We live in neighborhoods with people just like us. We get our news from sources that agree with our views. Our friends click “like” to everything we say or they soon find themselves not our friends. We even vacation with people who share our same brand loyalty. Our lives can be predicted by social media algorithms dividing us all up into little camps. We would somehow all live in a perfect world if only the other side would disappear.

But as travelers, we know better. We can choose to explore a life completely different than our own to discover. As travelers we not only walk a mile in someone else’s shoes (stilettos, in my case), but through HomeExchange, we can actually sleep in their bed, eat their food, read their books, and even walk their dog, depending on how we choose to travel.

Whether it is live or virtual, what could happen if we traveled in our own country with eyes focused on learning and understanding? What if we mindfully visited people who think and believe completely differently that we do? Whether it is another state, city, or just a neighborhood in your own community where people look different, live differently, and vote differently than you do.

My pandemic road trip took me to both red and blue states this summer, through counties that largely identified with one political party or another. I saw a home in Montana that had both a Trump/Pence sign and a Black Lives Matter sign.

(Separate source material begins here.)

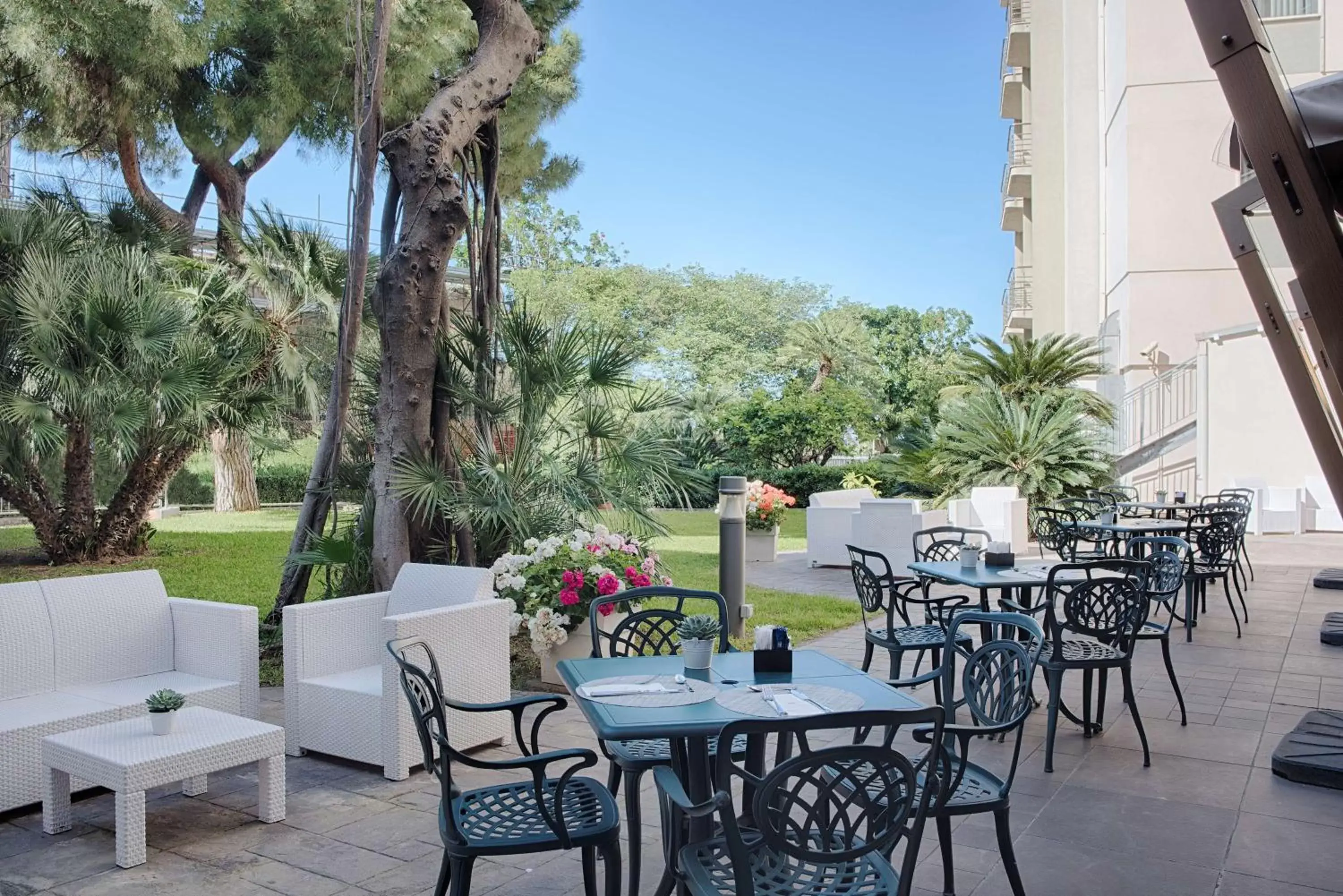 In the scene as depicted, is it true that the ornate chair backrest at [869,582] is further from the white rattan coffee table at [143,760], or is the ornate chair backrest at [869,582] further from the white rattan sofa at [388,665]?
the white rattan coffee table at [143,760]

I saw people passionately fighting for the Blackfoot tribe who have been decimated by the virus. Half of Glacier National Park is in Blackfoot Nation. Many people were disappointed to not be able to go, but when it was explained to them, I never saw a single person argue.

A man made me very nervous by not wearing a mask in Couer D’Alene, Idaho, and stood too close to me, but then he went out of his way to ensure that my dog had water. I watched a Trump parade in Idaho where everyone had a mask on. In another place, I was criticized for wearing one. I saw a woman on a street corner every time I passed, day in and day out, holding up her Joe Biden sign in a very “red” community. A native American, an African American, and a pastor each holding signs that the other one mattered.

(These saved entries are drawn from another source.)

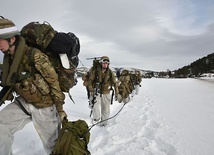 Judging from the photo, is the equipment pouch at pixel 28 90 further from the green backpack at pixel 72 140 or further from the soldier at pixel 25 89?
the green backpack at pixel 72 140

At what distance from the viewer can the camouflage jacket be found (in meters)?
2.42

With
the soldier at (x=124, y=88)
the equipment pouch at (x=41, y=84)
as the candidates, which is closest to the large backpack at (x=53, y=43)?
the equipment pouch at (x=41, y=84)

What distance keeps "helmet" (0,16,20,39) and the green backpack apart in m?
1.20

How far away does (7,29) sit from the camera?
2305 mm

People with different views than mine still invited me into their homes and trusted a stranger to care for it. Not only a stranger, but a stranger trading my home for one that no one can even go to yet due to travel restrictions. All the homes I stayed in bent their no-pet policy for me. I had hoped to find a house on the border of California and Oregon, but could not agree with anyone on an exchange. Three people that could not accommodate me in their homes later wrote to check on me when the fires broke out to see if I was safe. They didn’t know me, will likely never meet me, but they were still concerned about me even when we couldn’t agree to make an exchange work. Because we are fellow travelers.

Isn’t that what we all are? Fellow passengers on the same planet all traveling around the same sun. Different people with different beliefs, all on the same journey.

HomeExchange is the opportunity to expand our cultural understanding of the world. We do more than share our homes with each other, we share our lives.